Despite the eventual recognition of their work with a Nobel Prize, the path was not without its turns and detours. Darwin Molecular was acquired by London-based Chiroscience Group in 1996, which later merged with another British company, Celltech. By 2004, the biotech firm had shut down its R&D operations in Washington state, forcing Brunkow and Ramsdell to leave the company and pursue other opportunities. Ramsdell went on to co-found Sonoma Biotherapeutics, a company with R&D facilities in Seattle, where he now serves as chair of the scientific advisory board. Brunkow joined the Institute for Systems Biology, continuing her commitment to groundbreaking research. Looking back on their time at Darwin Molecular, Brunkow expressed a touch of nostalgia: “I would still be working on that project because it really was an awesome time and an awesome team. And we knew we were doing something really important in the field.” This sentiment captures the passion that drove their research forward, even when the commercial future of their parent company was uncertain.

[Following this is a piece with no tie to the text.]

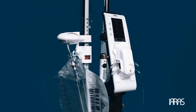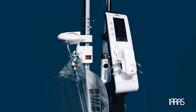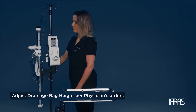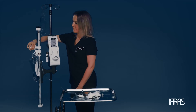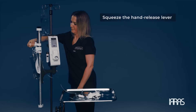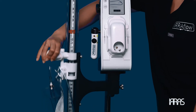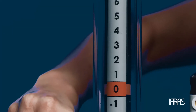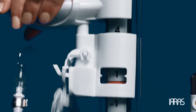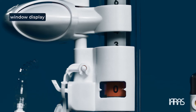Now that you have attached and locked the drainage bag into place, it is time to adjust the drainage bag height. Per physician orders, adjust the height of the drainage bag on the drainage collection system by squeezing the hand release lever. Squeezing the lever will allow you to move the drainage collection bag up and down to your desired bag height. The exact height of the drainage bag will appear in the window display, identified by two arrows on the drainage collection system.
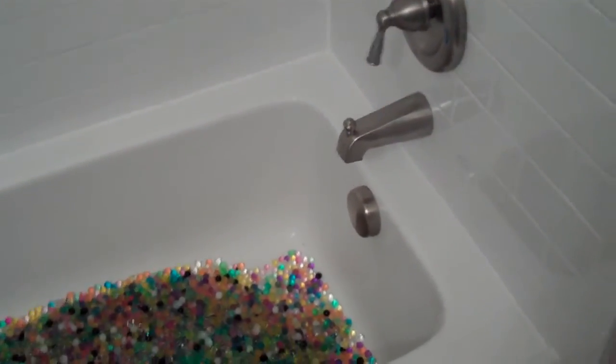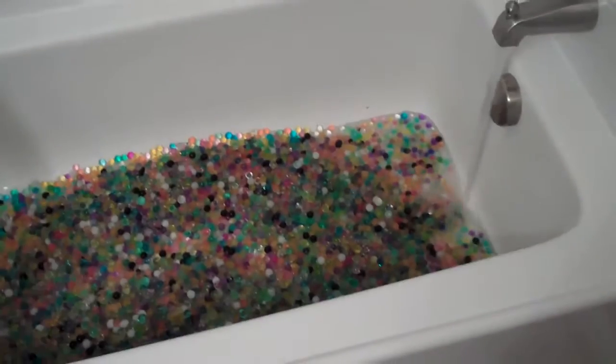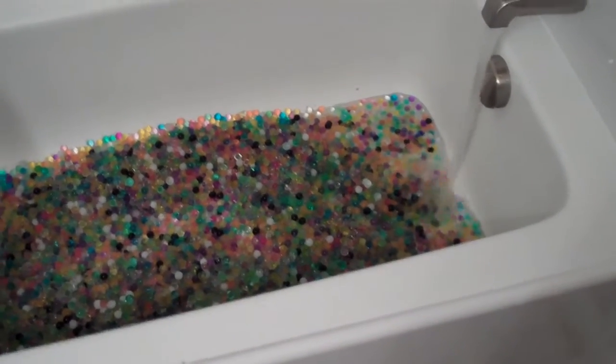Now I'm going to fill the whole bathtub with water. It's filling up. Ta-da! Now my bathtub is filled with water with the Orbeez.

The story of Brunkow and Ramsdell’s journey from a small Seattle biotech startup to Nobel laureates serves as a powerful reminder of how scientific breakthroughs often emerge from unexpected places, driven by curiosity, collaboration, and persistence. Their work exemplifies the vital role that both private industry and nonprofit research organizations play in advancing our understanding of human biology and disease. As regulatory T cells and the FOXP3 gene continue to be studied worldwide, with potential applications in treating autoimmune conditions, cancer immunotherapy, and organ transplantation, the legacy of their discoveries grows increasingly profound. The recognition from the Nobel Committee not only honors their individual achievements but also highlights the vibrant biomedical research community in Seattle that helped nurture their work. From the initial investment by tech visionaries Gates and Allen to the ongoing research at institutions like ISB, the city’s ecosystem has proven fertile ground for transformative science that touches lives around the world. As we look to the future of immunology and personalized medicine, the foundational work of Brunkow, Ramsdell, and their colleagues will continue to guide researchers seeking to harness the complex power of the human immune system for healing.